Ve biz Allah’a ve ahiret gününe iman etmiştik. “Bu dâva hor, bu dâva öksüz, bu dâva büyük!..” diye çıkmıştık yola, davası görülmeyen davalar vardı görülmesi gereken. Hem de bir ömür boyu süren, bitmeyen davalar..
Biz kanaryaların, ebabil kuşlarının görevi “Fil ordusunu yenmek”, Bir Hüdhüd mesajı ile “binbir başlı kartalı yakalamak”tı ensesinden. İman etmiştik, Allah’ın kolaylaştırdığında daha kolay ve zorlaştırdığından daha zor bir iş yoktur. Ve Allah, bizim ellerimizle zalimleri cezalandırmak ve mazlumlara yardım etmek istemektedir.
Hocam, senin bitti dünya sürgünün. Oradaki dostların buradakilerden daha fazla. Allah’ın daveti gerçekleşti. Biz beklemedeyiz.

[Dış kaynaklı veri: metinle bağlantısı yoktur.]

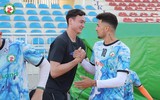 Đặng Văn Lâm đi cùng bạn gái ra mắt CLB Bình Định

“Ölüm Asude bir Bahar ülkesidir bir rind’e!” Halimizi arzed ahir zaman peygamberi Resul-ü Kibriya’ya. Allah, sana ve bizlere, hayatta kalan aile, akraba ve dostlarına rahmet eylesin. İnna lillah ve inna ileyhi raciun.
Selam ve dua ile.
Onun adına, “İstanbul / Pendik’te Hulusi Özkul İmam Hatip Ortaokulu” olduğunu da hatırlatalım.